Niemiecki parlament uchwalił, że powszechne zamykanie szkół nie będzie dozwolone. Przewodnicząca parlamentu Zielonych Katrin Göring-Eckardt obiecała, że każda nowa ustawa mająca na celu powstrzymanie pandemii lub uporanie się z jej następstwami będzie sprawdzana pod kątem potrzeb dzieci i młodzieży. W tym ich potrzeby w zakresie normalnej nauki szkolnej – czytamy w serwisie dw.com
Jak pokazują liczne wypowiedzi, badania i w końcu, jak przyznają politycy, nauka zdalna nie jest w stanie zapewnić dzieciom i rodzinom pełnych potrzeb edukacyjnych i społecznych.

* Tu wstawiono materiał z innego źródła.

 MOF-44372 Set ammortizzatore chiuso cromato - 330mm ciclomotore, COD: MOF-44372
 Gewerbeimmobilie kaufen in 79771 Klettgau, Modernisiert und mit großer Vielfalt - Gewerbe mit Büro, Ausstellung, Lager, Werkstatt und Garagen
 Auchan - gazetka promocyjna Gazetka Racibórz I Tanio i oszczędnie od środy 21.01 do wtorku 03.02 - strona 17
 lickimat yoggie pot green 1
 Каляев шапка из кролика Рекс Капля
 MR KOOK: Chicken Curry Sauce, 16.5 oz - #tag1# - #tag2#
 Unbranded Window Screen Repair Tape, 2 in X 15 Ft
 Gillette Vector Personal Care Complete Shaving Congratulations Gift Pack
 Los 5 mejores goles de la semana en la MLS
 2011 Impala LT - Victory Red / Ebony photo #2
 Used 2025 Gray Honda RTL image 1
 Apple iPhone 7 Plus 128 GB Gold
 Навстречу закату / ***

Dlatego ograniczenia związane z edukacją są sprowadzane do minimum.
W większości państw pozostają jednak restrykcje związane z noszeniem maseczek, zachowaniem dystansu społecznego i szczególnym dbaniu o higienę rąk. W niektórych krajach dodatkowo wprowadzono regularne przeprowadzanie testów na Covid-19.
Nauka zdalna ma więcej przeciwników niż zwolenników. Tak pokazują badania portalu ClickMeeting. Firma przeprowadziła ankietę na temat jakości i skuteczności nauki zdalnej oraz zadowolenia z tej formy edukacji w społeczeństwie. Badania przeprowadzono po pierwszych 12 miesiącach pandemii. Wyniki jednoznacznie wskazują, że preferowany model nauki, pod każdym względem, to ten stacjonarny. Z uwagi na obostrzenia, nauka zdalna jest jednak praktykowana w różnych wariantach i w różnym czasie na całym świecie. Sprawdziliśmy, jak wygląda w wybranych krajach.

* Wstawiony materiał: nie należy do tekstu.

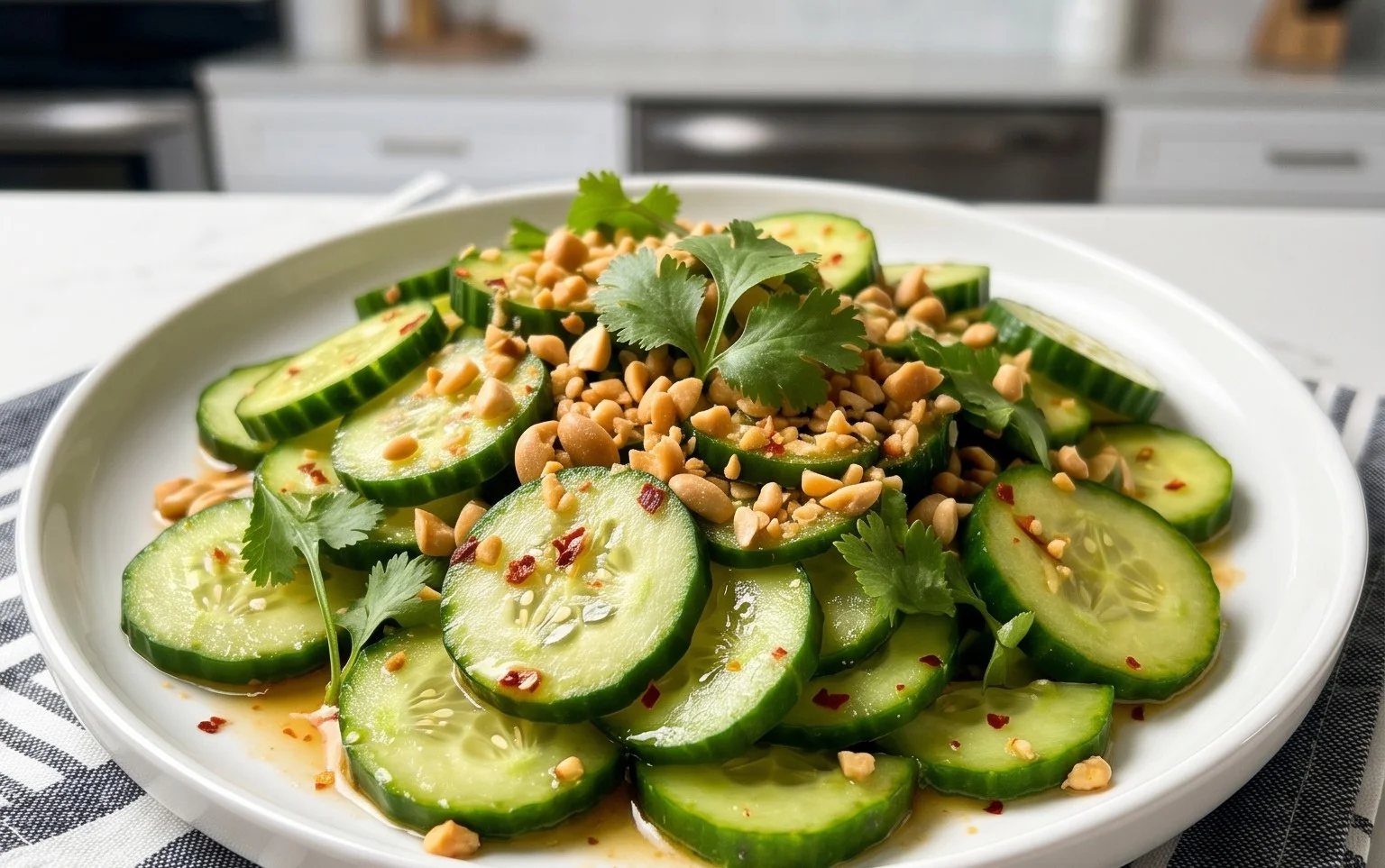 Thai Cucumber Salad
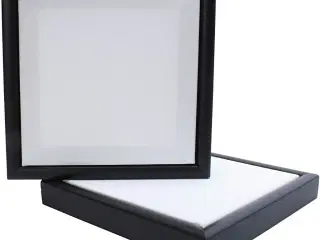 Malerlærred med træramme, 20x20 cm, 10 stk.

Nauka zdalna w Polsce – badania pokazują, że nie jest efektywna
Badania ClickMeeting dotyczące nauki zdalnej w pandemii pokazały, że większość ankietowanych negatywnie ocenia tę formę nauki. Badani odpowiadali w ponad 50 proc. że:
- rodzice przejmują obowiązki nauczycieli w domach (58 proc.)
- przez naukę zdalną uczniowie mają zaległości w nauce (71 proc.)

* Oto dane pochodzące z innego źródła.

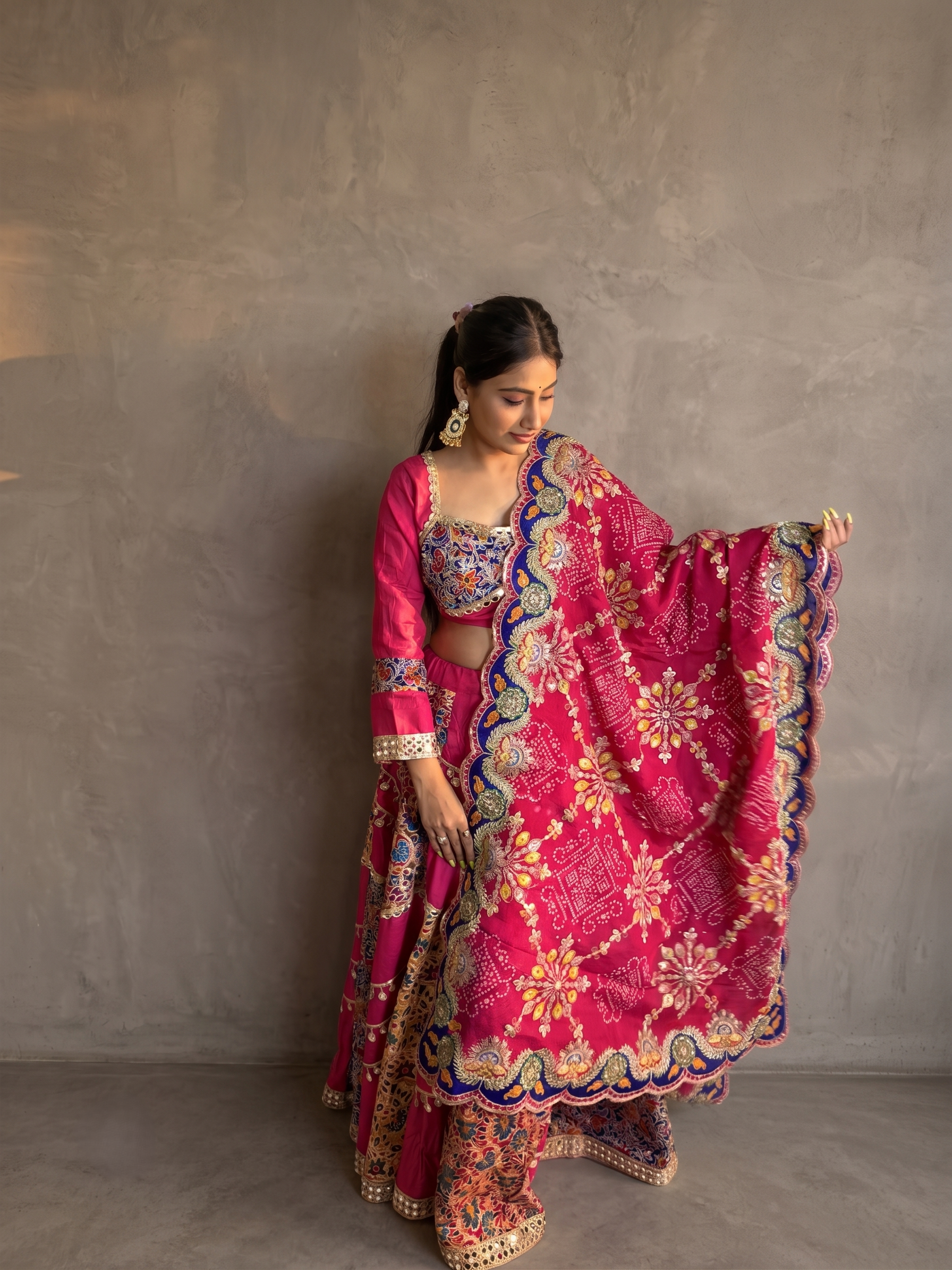 Traditional Lehenga With Dupatta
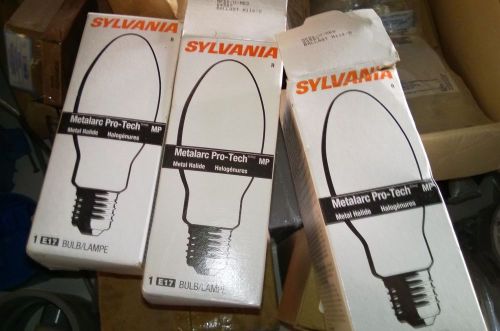 Lot of 3 Sylvania Metalarc Pro-Tech Metal Halide E17 Bulb  MP50/U/MED #64587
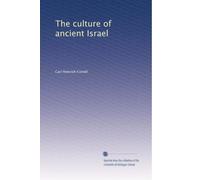 The culture of ancient Israel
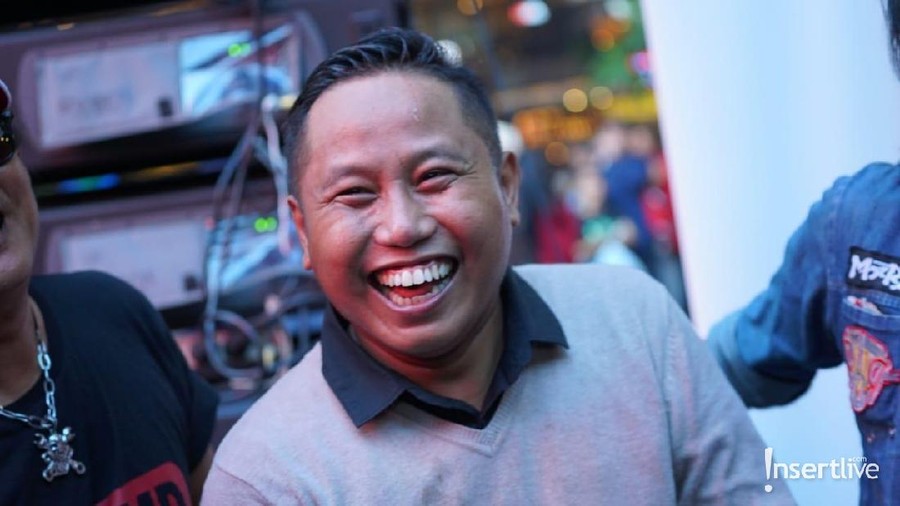 Artis komedian Narji berikan dukungannya untuk Prabowo-Sandi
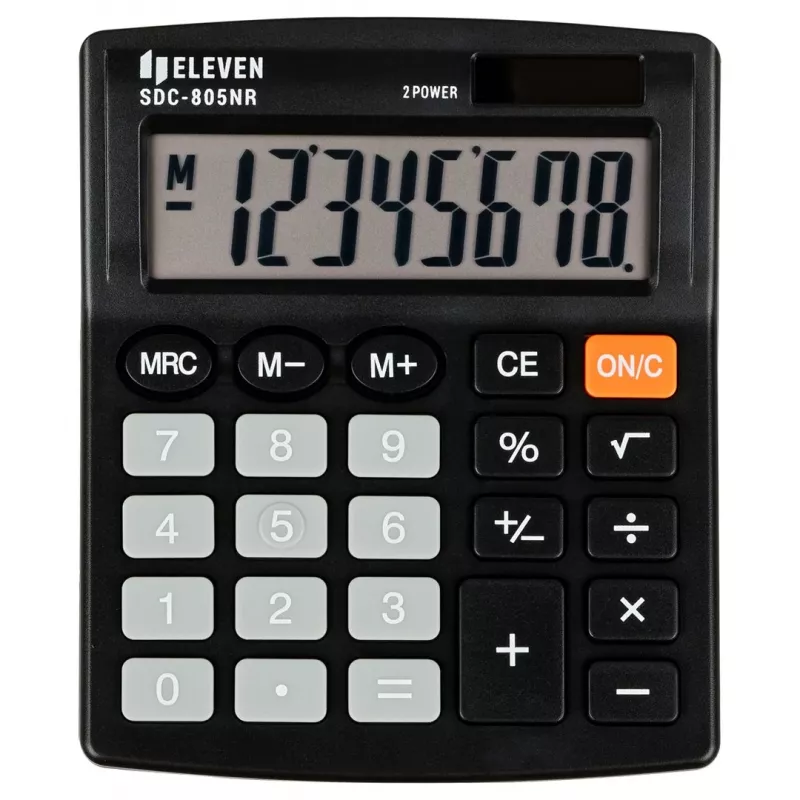 Eleven biuro skaičiuotuvas SDC-805NR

- nauka zdalna ma negatywny wpływ na relacje rówieśnicze (67 proc.)
- placówki edukacyjne nie są dobrze przygotowane do prowadzenia edukacji zdalnej (77 proc.)
Bez wątpienia marzec 2020 otworzył kompletnie nowy rozdział w historii świata – codzienność zdominowaną przez przeniesienie pracy i edukacji w tryb online. Na przestrzeni całego roku, na samej tylko platformie ClickMeeting, odbyło się aż 2,316,074 wydarzeń online, które zgromadziły łącznie aż 30,779,244 uczestników – czytamy we wstępie do raportu z przytoczonych badań.